Display 12 may include a liquid crystal display, light-emitting
diode display, plasma display, cathode ray tube display, rear
projection display, or virtually any other suitable display.
[0012] Computing device 10 also includes a touch-input subsystem 14
configured to recognize touch input on the display. The touch-input
subsystem may optionally be configured to recognize multi-touch
input. The touch-input subsystem may utilize a variety of different
touch-sensing technologies, which may be selected to cooperate with
the type of display used in a particular embodiment. The
touch-input subsystem may be configured to detect a change in an
electric field near the display, a change in pressure on the
display, and/or another change on or near the display. Such changes
may be caused by a touch input occurring at or near a particular
position on the display, and such changes may therefore be
correlated to touch input at such positions. In some embodiments,
the display and the touch-input subsystem may share at least some
components, such as a capacitive touch-screen panel or a resistive
touch-screen panel.
[0013] Computing device 10 may also include a control subsystem 16
configured to translate single-touch input into multi-touch
control. As an example, the control subsystem may be configured to
manipulate an image on a display based on the collective
interpretation of two or more temporally separate touch inputs. The
control subsystem may include a logic subsystem 18 and a memory 20.

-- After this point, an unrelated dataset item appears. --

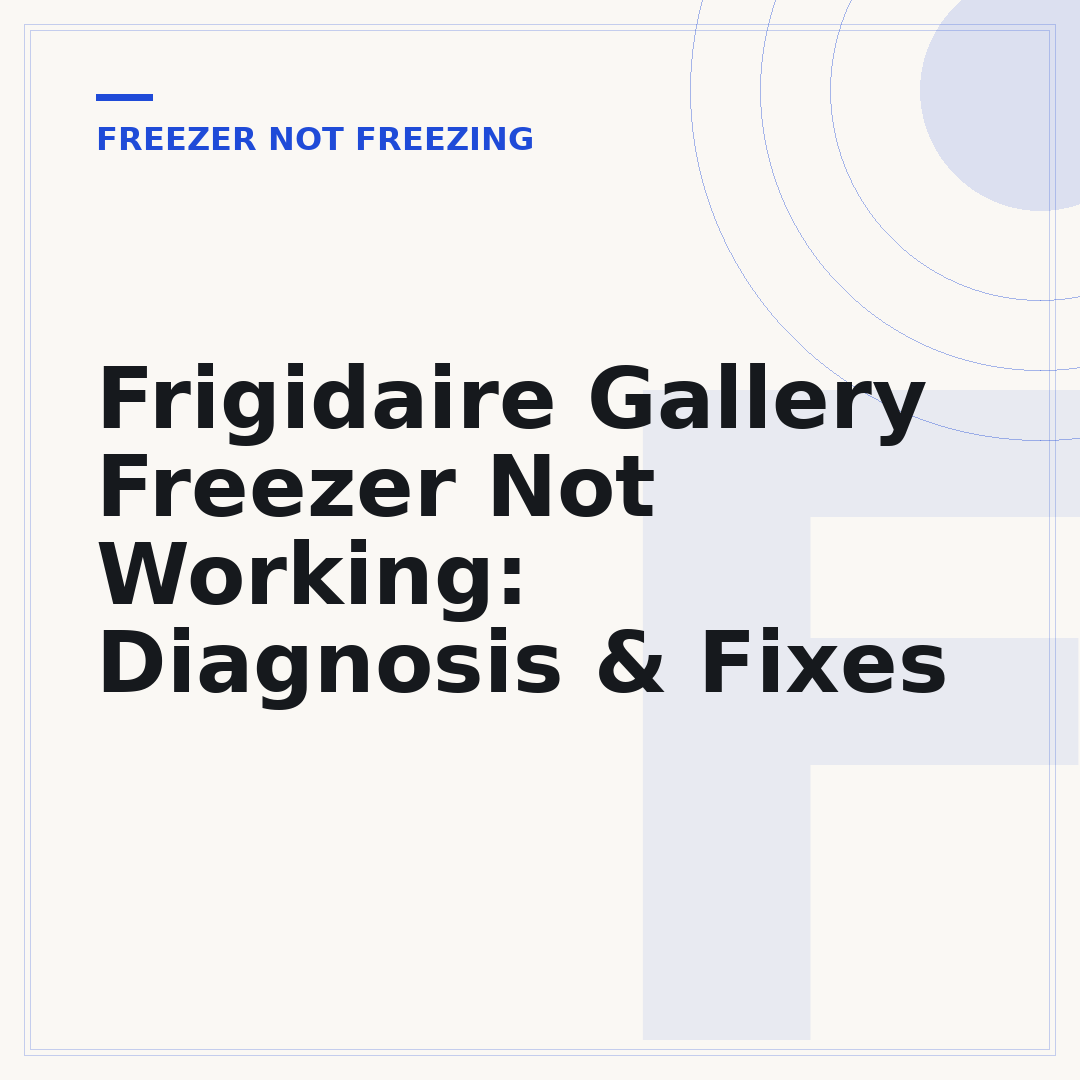 Frigidaire Gallery Freezer Not Working: Diagnosis & Fixes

The control subsystem, logic subsystem, and memory are
schematically illustrated as dashed rectangles in FIG. 1.
[0014] Logic subsystem 18 may include one or more physical devices
configured to execute one or more instructions. For example, the
logic subsystem may be configured to execute one or more
instructions that are part of one or more programs, routines,
objects, components, data structures, or other logical constructs.
Such instructions may be implemented to perform a task, implement a
data type, change the state of one or more devices (e.g., display
12), or otherwise arrive at a desired result. The logic subsystem
may include one or more processors that are configured to execute
software instructions. Additionally or alternatively, the logic
subsystem may include one or more hardware or firmware logic
machines configured to execute hardware or firmware instructions.
The logic subsystem may optionally include individual components
that are distributed throughout two or more devices, which may be
remotely located in some embodiments.
[0015] Memory 20 may include one or more physical devices
configured to hold data and/or instructions that, when executed by
the logic subsystem, cause the logic subsystem to implement the
herein described methods and processes. Memory 20 may include
removable media and/or built-in devices. Memory 20 may include
optical memory devices, semiconductor memory devices, and/or
magnetic memory devices, among others. Memory 20 may include
portions with one or more of the following characteristics:
volatile, nonvolatile, dynamic, static, read/write, read-only,
random access, sequential access, location addressable, file
addressable, and content addressable. In some embodiments, logic
subsystem 18 and memory 20 may be integrated into one or more
common devices and/or computing systems (e.g., a system on a chip
or an application-specific integrated circuit).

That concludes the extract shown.